Mittwoch, 23. Januar 2013, 17:35 Uhr
 

Bagdad (Reuters) - Bei einem Anschlag in einer schiitischen Moschee im Nordirak hat ein Selbstmordattentäter am Mittwoch mindestens 20 Menschen mit in den Tod gerissen.

Der Attentäter habe seinen Sprengsatz inmitten einer Trauergemeinde in der Ortschaft Tus Churmato, rund 170 Kilometer nördlich der Hauptstadt Bagdad, gezündet, teilte die Polizei mit. 35 Menschen seien verletzt worden. Wer hinter der Tat steht, ist nach Angaben der Behörden noch unklar.

Innerhalb einer Woche kam es im Irak zu mehreren Anschlägen mit Dutzenden Toten.
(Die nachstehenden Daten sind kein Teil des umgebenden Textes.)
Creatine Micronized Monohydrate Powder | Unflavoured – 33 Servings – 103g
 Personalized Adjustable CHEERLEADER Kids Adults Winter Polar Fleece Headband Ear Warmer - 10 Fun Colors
Hintergrund der Gewaltwelle sind die wachsenden Spannungen zwischen den Schiiten, die von Ministerpräsident Nuri al-Maliki repräsentiert werden, sowie den Minderheiten der Sunniten und Kurden. Ein Jahr nach dem Abzug der US-Truppen versuchen mit Al-Kaida verbündete sunnitische Extremistengruppen einen Religionskonflikt zu entfachen. Während der Herrschaft Saddam Husseins dominierten die Sunniten den Irak.